- DATA FOR THE TASK
= Beginning of Section =
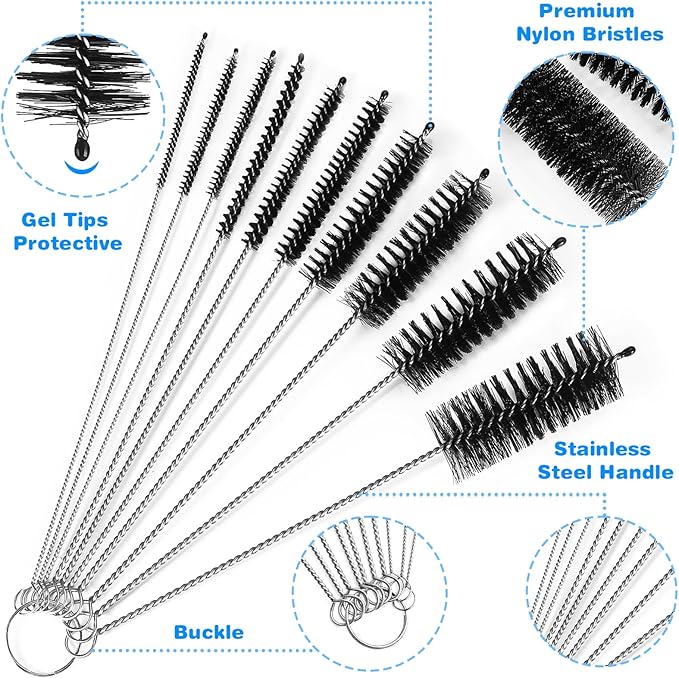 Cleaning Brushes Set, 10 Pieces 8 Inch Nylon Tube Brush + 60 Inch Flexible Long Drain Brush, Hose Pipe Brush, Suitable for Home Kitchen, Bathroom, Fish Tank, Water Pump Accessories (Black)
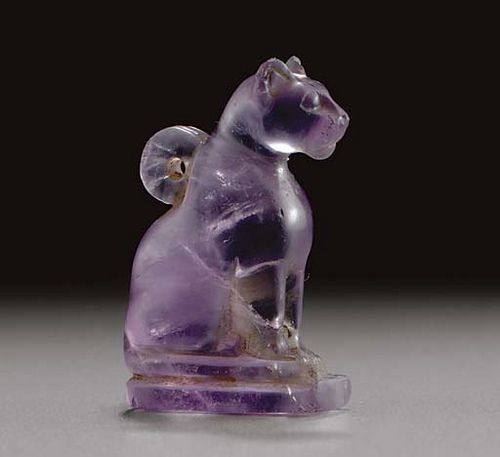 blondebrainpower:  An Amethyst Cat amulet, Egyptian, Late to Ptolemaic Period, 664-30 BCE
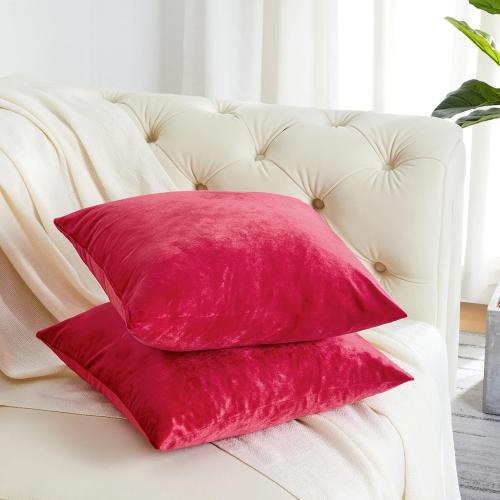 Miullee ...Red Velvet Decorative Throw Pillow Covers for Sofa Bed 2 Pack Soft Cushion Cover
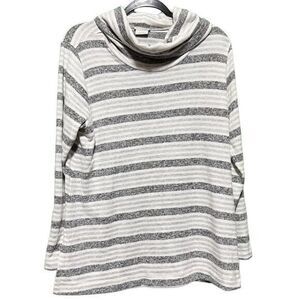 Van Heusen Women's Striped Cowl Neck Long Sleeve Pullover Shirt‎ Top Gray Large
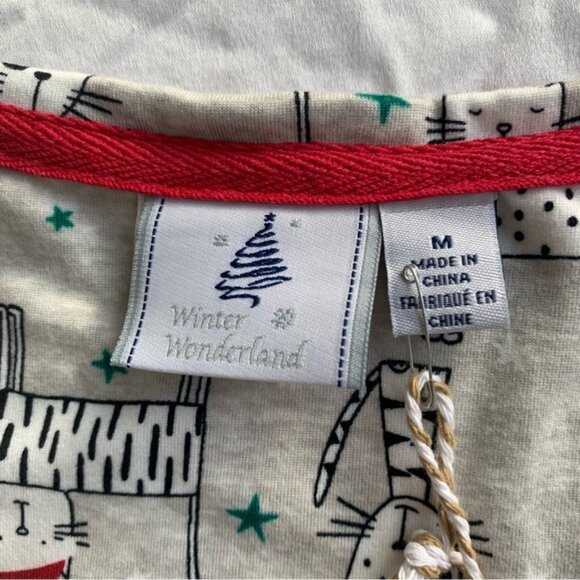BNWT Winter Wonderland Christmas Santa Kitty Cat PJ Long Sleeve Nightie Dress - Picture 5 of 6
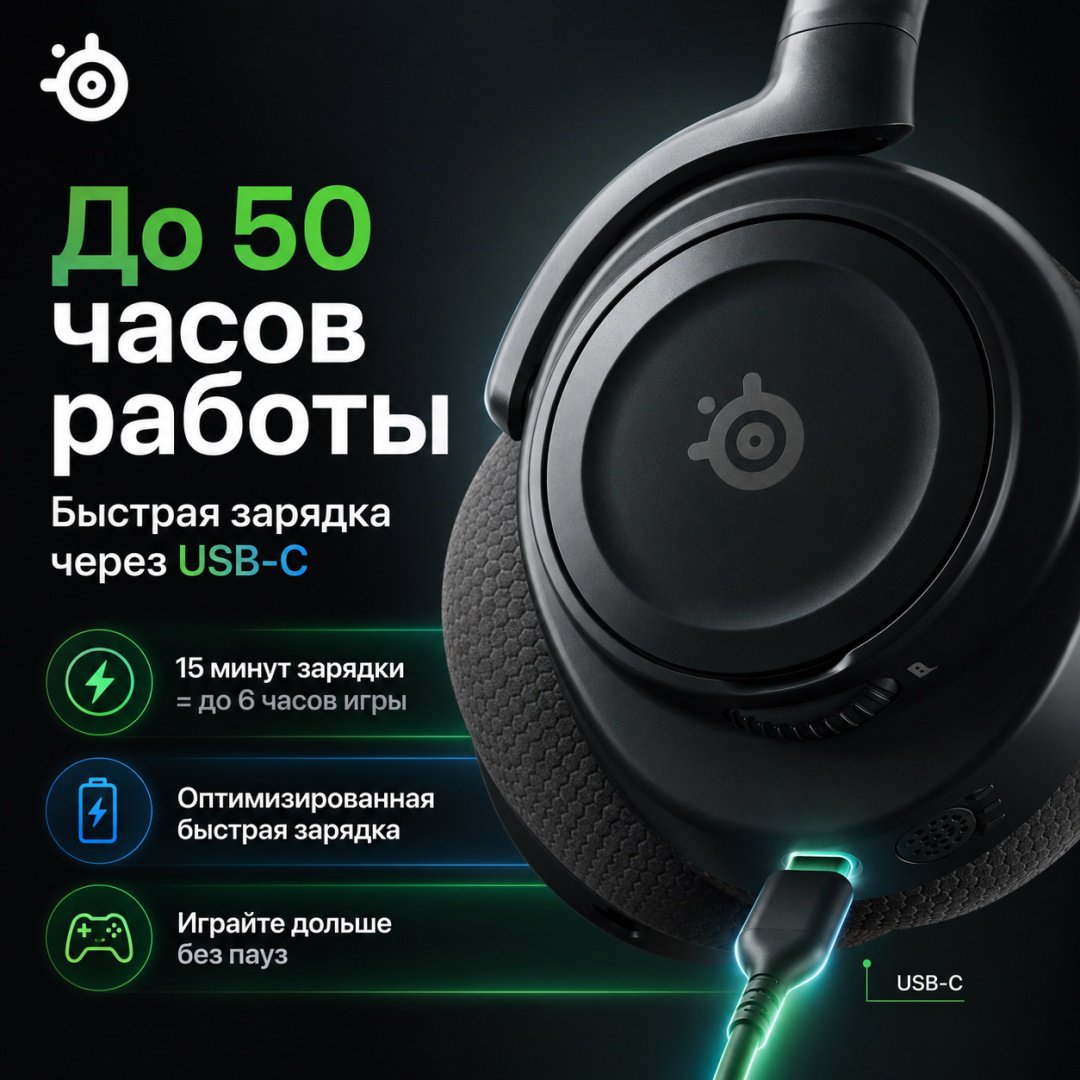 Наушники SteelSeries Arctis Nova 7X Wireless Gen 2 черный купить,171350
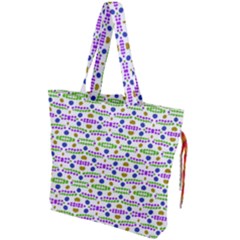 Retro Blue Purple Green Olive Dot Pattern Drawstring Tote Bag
= End of Section =
= Beginning of Section =
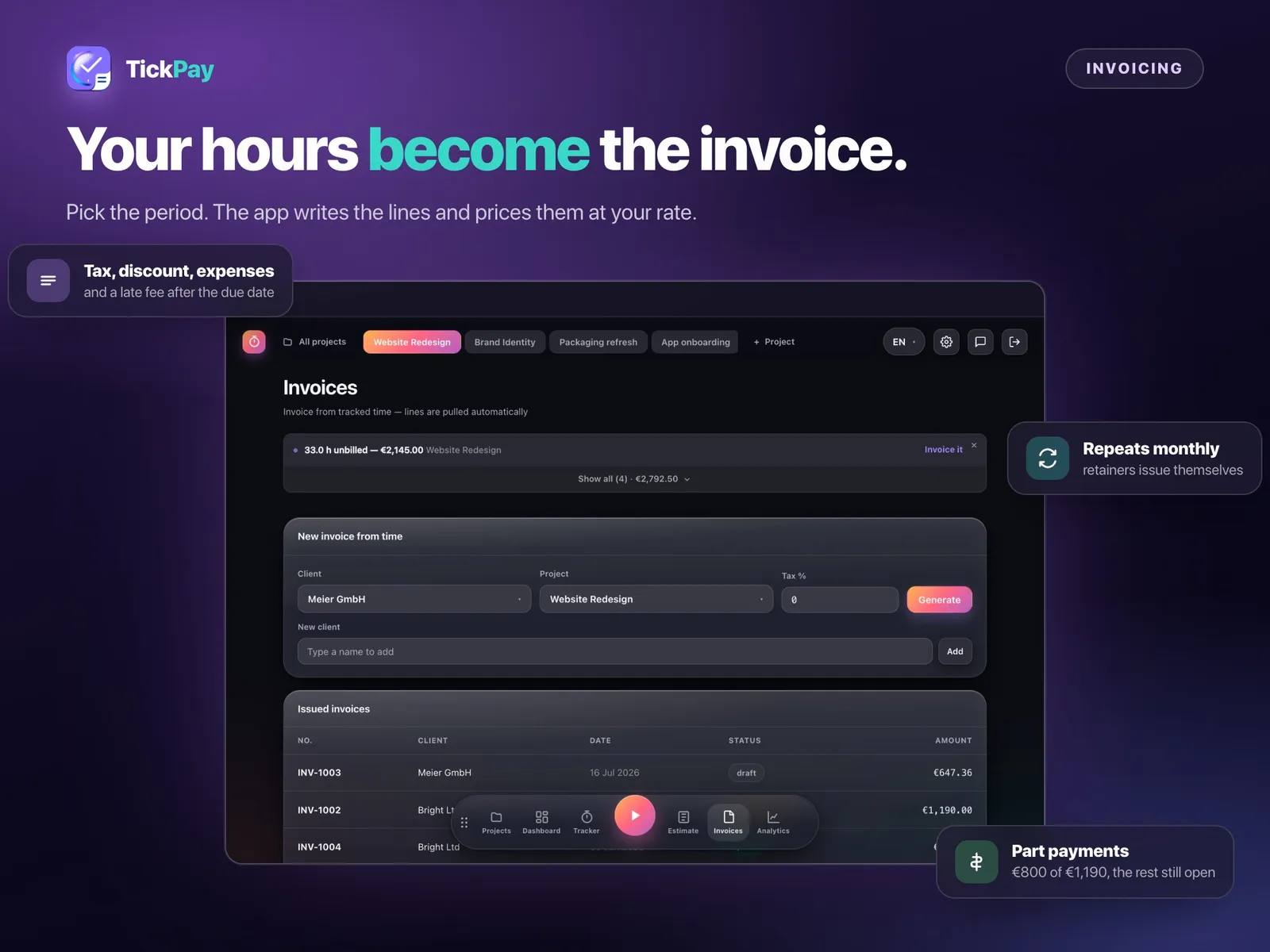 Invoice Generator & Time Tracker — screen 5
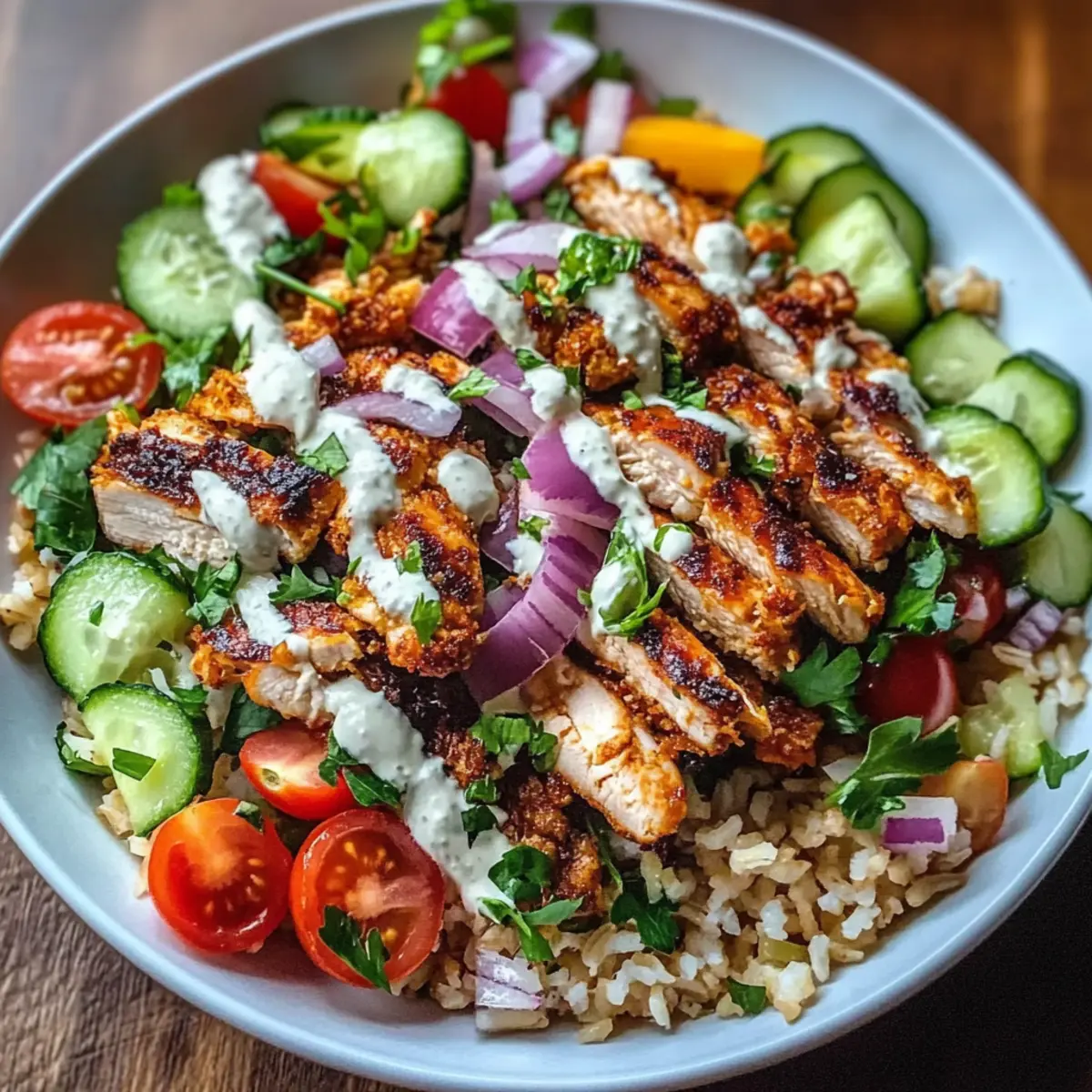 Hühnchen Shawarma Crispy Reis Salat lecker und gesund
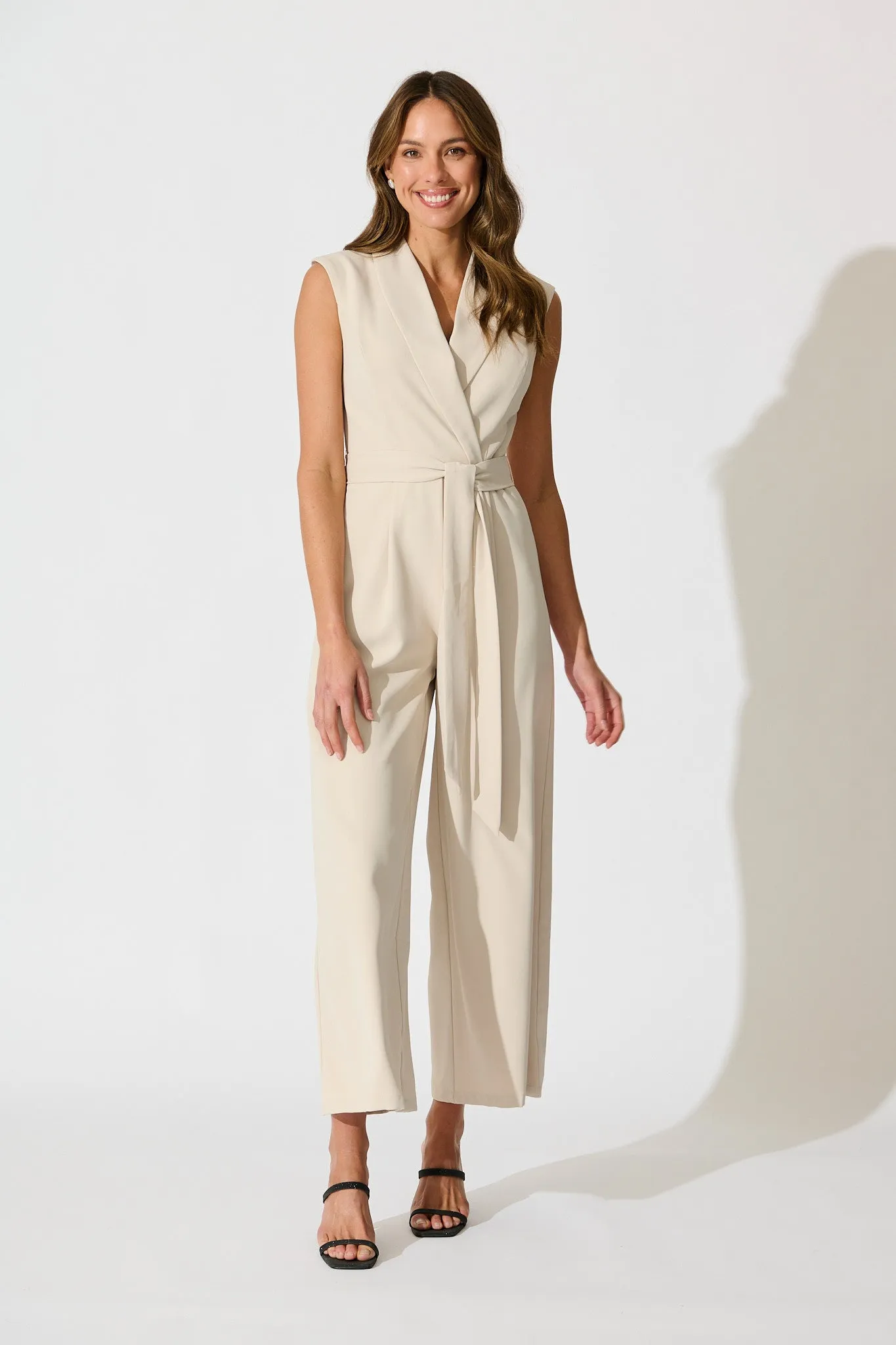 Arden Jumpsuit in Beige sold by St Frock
= End of Section =
- EXERCISE
In the listing above, find the line with "Наушники SteelSeries Arctis" and the line with "Retro Blue Purple". Output both, plus every line between them, and no pictures.

- EXERCISE ANSWER
 Наушники SteelSeries Arctis Nova 7X Wireless Gen 2 черный купить,171350
 Retro Blue Purple Green Olive Dot Pattern Drawstring Tote Bag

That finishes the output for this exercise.